British agricultural sciences academic (born 1927)

Alec Lazenby (born 4 March 1927) is a British academic who has held positions at the University of Cambridge, University of New England, University of Tasmania, the Institute of Grassland and Environmental Research and the Welsh Plant Breeding Station. Lazenby served as the Vice-Chancellor of the University of New England from 1970 to 1976, and the University of Tasmania from 1982 to 1990.

==Early life and career==
Lazenby was born in Yorkshire on 4 March 1927. He attended Wath Grammar School, before studying for a BSc and MSc in Agriculture at the University College of Wales, Aberystwyth. After spending time as a scientific officer at the Welsh Plant Breeding Station, he returned to academia to read for a PhD at the University of Cambridge, and both lectured and demonstrated there (latterly as a fellow of Fitzwilliam House) before moving to Armidale, New South Wales, Australia.

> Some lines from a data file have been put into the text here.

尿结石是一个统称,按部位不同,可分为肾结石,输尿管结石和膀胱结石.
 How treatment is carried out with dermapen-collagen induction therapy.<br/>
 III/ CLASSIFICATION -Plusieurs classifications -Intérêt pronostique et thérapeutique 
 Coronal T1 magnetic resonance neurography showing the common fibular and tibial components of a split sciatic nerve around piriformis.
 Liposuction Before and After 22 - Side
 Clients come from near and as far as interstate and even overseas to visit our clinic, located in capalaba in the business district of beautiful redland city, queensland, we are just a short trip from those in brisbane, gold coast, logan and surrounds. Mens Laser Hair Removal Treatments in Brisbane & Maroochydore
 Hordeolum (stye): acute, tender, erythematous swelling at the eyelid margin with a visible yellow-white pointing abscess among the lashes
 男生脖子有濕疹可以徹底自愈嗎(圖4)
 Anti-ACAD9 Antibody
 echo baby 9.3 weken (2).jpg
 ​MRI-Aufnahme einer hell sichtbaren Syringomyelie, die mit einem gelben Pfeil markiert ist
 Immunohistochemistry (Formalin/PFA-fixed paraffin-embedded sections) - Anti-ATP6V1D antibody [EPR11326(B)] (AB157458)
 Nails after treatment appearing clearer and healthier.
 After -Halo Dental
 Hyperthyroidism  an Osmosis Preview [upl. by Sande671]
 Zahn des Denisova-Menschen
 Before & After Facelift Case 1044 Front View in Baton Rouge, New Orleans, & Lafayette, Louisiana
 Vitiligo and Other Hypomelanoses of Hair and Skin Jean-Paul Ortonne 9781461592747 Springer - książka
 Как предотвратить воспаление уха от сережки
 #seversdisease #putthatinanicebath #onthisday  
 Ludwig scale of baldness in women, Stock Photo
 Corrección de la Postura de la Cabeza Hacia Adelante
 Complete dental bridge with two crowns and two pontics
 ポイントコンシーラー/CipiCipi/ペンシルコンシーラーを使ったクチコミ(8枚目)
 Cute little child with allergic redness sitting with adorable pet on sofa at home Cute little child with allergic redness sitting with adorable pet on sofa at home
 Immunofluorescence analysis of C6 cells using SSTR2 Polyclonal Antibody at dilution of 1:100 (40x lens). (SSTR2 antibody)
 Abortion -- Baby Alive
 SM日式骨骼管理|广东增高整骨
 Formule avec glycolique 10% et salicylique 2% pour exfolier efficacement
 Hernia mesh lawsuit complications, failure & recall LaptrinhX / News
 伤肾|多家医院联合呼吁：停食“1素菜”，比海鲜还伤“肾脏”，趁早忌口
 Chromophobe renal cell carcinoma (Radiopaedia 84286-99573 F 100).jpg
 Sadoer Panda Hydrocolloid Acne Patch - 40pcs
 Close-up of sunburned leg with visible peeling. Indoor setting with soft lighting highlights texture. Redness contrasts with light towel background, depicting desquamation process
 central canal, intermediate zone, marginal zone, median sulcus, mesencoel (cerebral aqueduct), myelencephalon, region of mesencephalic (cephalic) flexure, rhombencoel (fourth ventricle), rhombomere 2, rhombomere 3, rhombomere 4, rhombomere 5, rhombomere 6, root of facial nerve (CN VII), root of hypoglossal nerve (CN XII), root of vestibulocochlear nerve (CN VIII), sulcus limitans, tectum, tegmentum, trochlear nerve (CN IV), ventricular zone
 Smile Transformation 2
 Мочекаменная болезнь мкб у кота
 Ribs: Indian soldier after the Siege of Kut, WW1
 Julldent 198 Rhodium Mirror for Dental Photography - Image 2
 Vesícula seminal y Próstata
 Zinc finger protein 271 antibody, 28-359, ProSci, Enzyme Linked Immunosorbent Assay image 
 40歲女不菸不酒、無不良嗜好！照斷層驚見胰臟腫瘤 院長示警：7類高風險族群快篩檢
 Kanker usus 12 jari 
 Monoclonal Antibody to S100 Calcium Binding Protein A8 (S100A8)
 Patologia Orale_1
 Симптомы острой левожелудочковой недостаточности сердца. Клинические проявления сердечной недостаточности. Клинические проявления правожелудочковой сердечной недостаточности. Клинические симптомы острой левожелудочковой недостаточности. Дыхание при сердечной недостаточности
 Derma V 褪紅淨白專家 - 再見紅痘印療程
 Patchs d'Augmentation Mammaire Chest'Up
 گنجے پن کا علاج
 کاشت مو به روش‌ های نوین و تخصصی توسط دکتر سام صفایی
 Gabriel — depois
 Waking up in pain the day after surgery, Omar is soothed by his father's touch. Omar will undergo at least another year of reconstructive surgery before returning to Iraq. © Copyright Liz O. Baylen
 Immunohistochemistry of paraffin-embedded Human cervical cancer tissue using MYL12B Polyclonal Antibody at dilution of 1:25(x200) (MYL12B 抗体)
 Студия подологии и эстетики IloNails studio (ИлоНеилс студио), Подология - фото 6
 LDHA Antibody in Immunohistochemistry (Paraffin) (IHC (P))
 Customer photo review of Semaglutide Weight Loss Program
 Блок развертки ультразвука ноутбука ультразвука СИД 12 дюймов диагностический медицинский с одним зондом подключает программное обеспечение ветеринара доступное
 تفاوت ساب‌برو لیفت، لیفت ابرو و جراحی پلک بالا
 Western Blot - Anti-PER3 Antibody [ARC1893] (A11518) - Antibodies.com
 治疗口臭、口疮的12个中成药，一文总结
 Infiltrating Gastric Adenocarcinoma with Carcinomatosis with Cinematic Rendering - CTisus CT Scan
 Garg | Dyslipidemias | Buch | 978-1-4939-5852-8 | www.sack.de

==University of New England==
Lazenby was appointed the foundation Professor of Agronomy and head of the Department of Agronomy at the University of New England in February 1965 before being appointed the university's third Vice-Chancellor in 1970. He was appointed an emeritus professor when his term as Vice-Chancellor ended in 1977. During his time as Vice-Chancellor, Lazenby lived in the Vice-Chancellor's official residence "Trevenna".

In 1971, he strongly supported an amalgamation of the University of New England and the Armidale Teachers' College. In June 1971 he asked the Academic Planning Committee to comment on the possible amalgamation because he believed "Armidale was too small for two independent tertiary institutions." However the suggested amalgamation was opposed by the staff of both institutions and was eventually overturned by the Hawke government when it took office in 1983.

==Institute of Grassland and Environmental Research==
Lazenby moved back to the UK in 1977 and took up a position as the Director of the Institute of Grassland and Environmental Research.

==Return to Australia==
Lazenby returned to Australia in early 1982 and was appointed the Vice-Chancellor of the University of Tasmania on 21 October 1982 replacing David Caro. He held the position until 1990 and was succeeded by Alan Gilbert.

In 1985, then-Federal Minister for Primary Industry, John Kerin asked him to investigate the introduction of plant breeders' rights legislation, which was enacted in 1987.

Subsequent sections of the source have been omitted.